** What to produce **
From the material below, copy exactly the lines beginning with the one that contains "Soft Surroundings Eden" and ending with the one that contains "2 Ρόδες Καφέ..."; the pictures stay out.

** Material for the task **
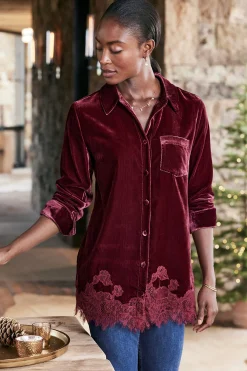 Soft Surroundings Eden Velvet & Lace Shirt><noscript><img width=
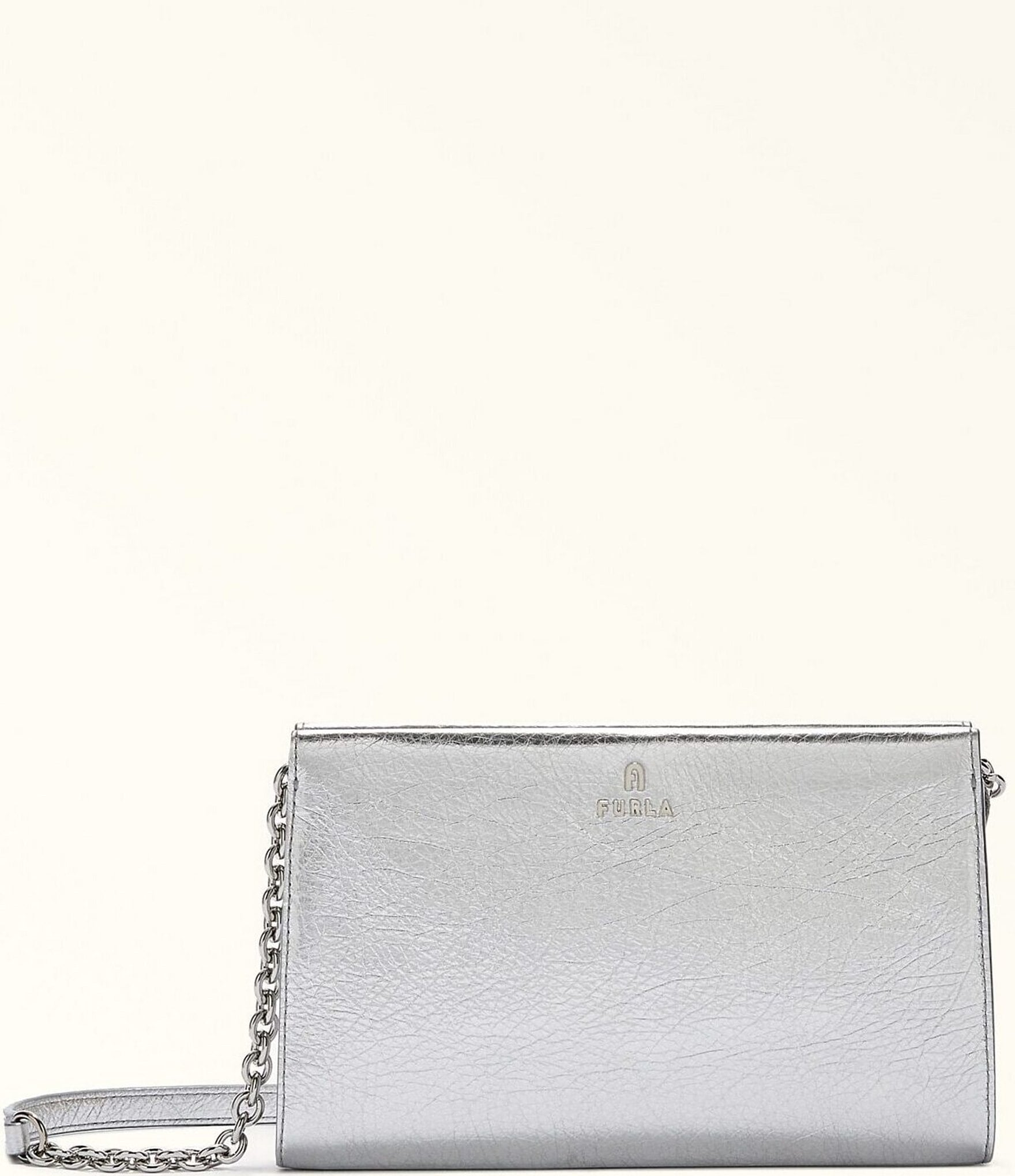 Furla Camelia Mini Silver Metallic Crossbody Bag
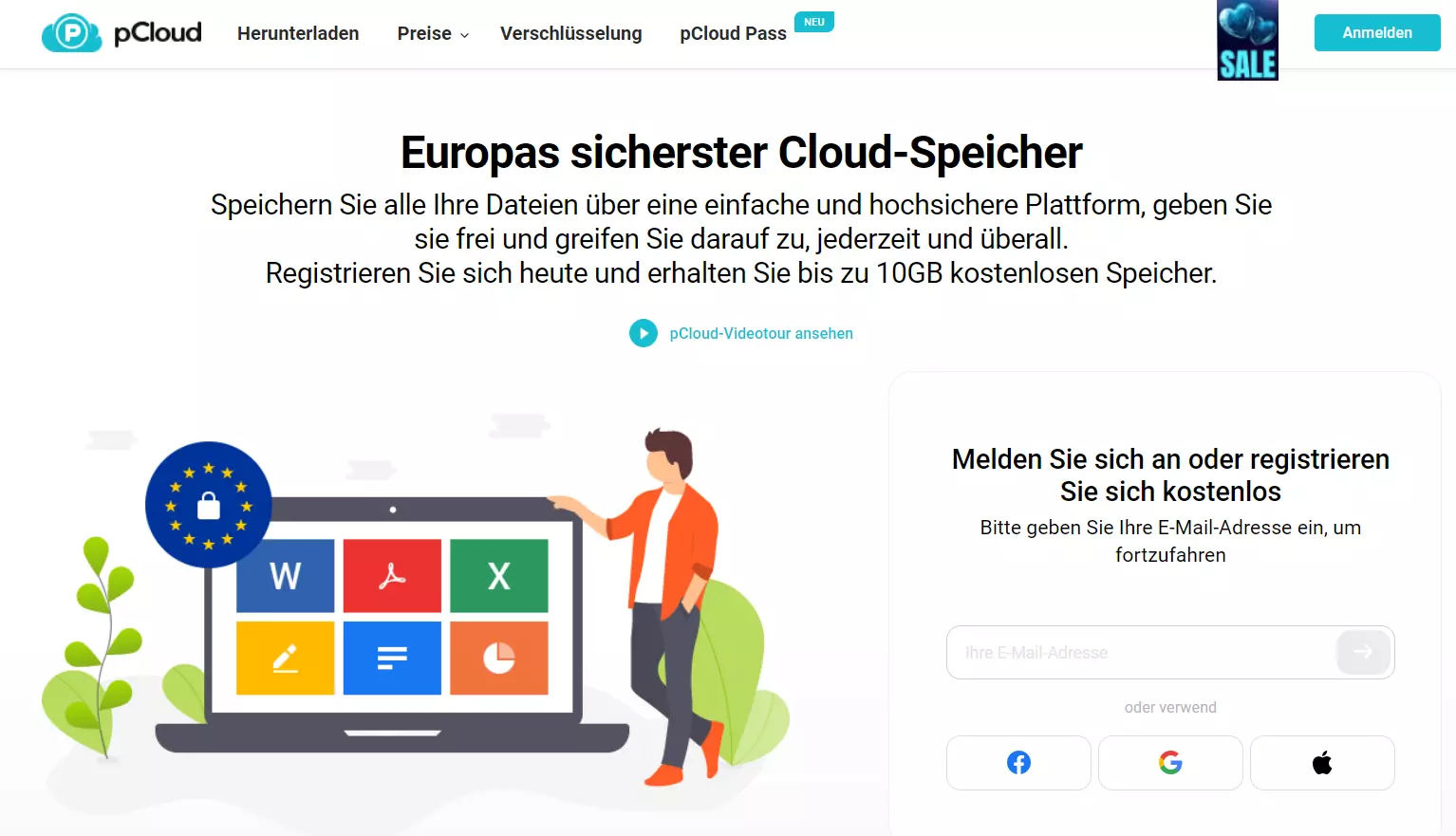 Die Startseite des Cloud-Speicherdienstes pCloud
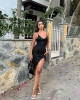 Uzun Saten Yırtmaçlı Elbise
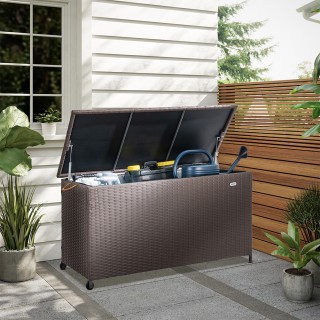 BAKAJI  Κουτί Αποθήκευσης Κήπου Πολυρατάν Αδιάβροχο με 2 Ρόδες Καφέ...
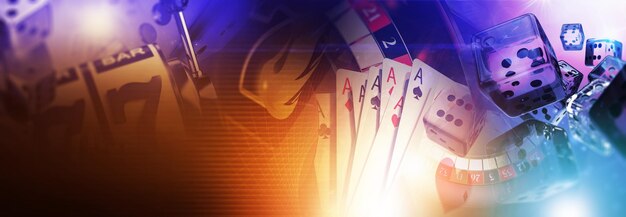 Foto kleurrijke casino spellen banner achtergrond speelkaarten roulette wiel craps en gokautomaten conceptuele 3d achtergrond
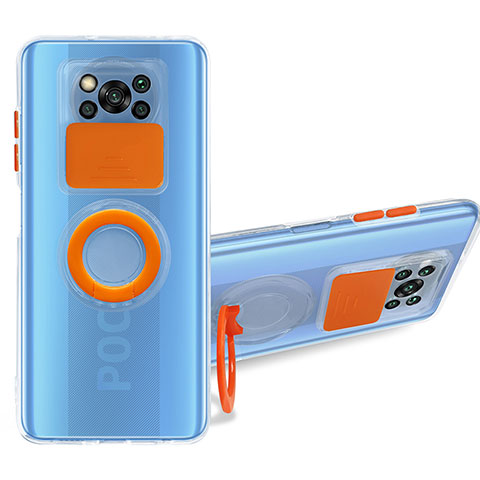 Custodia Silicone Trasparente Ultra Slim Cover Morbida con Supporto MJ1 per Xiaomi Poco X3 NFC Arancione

...

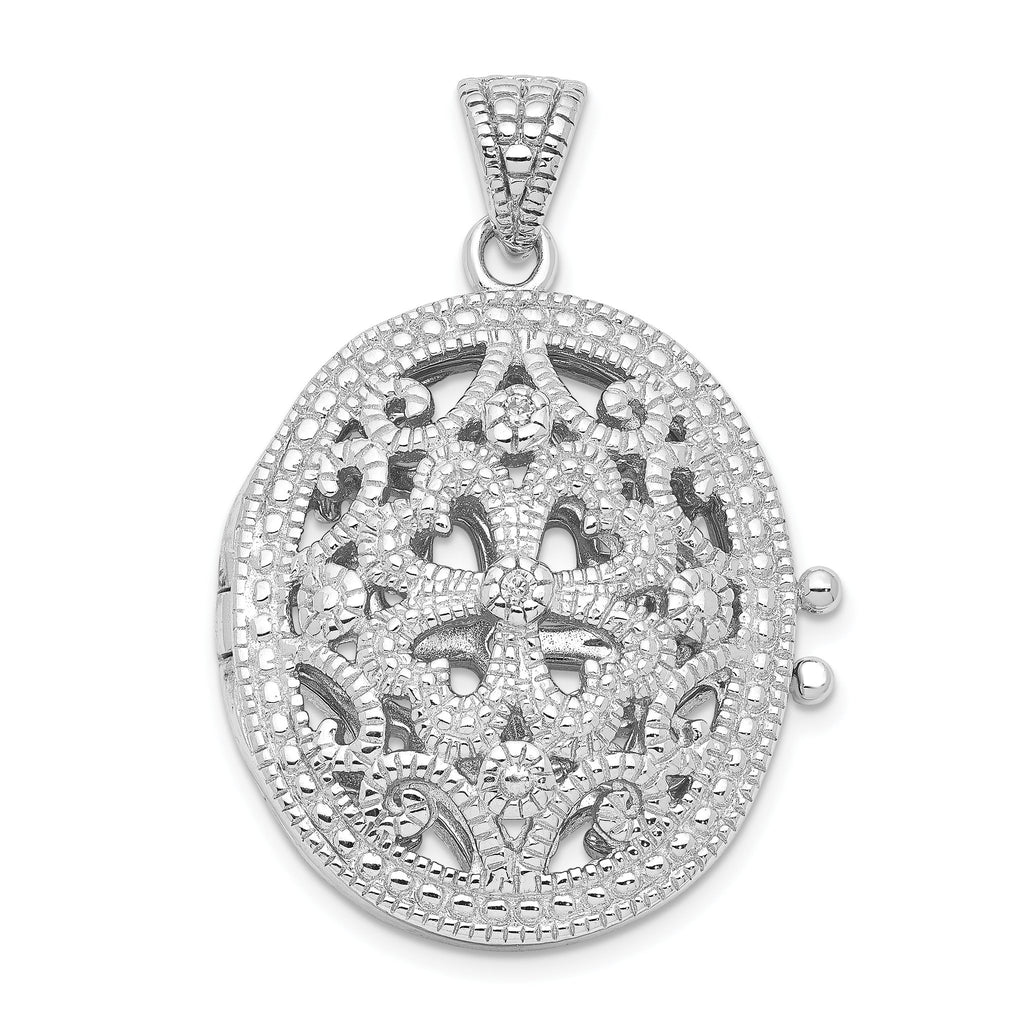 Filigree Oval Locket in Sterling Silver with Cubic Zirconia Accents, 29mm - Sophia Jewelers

--

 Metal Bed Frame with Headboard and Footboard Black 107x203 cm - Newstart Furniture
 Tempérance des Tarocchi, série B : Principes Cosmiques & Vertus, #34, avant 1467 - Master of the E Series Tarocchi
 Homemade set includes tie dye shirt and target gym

** Task response **
 Soft Surroundings Eden Velvet & Lace Shirt><noscript><img width=
 Furla Camelia Mini Silver Metallic Crossbody Bag
 Die Startseite des Cloud-Speicherdienstes pCloud
 Uzun Saten Yırtmaçlı Elbise
 BAKAJI  Κουτί Αποθήκευσης Κήπου Πολυρατάν Αδιάβροχο με 2 Ρόδες Καφέ...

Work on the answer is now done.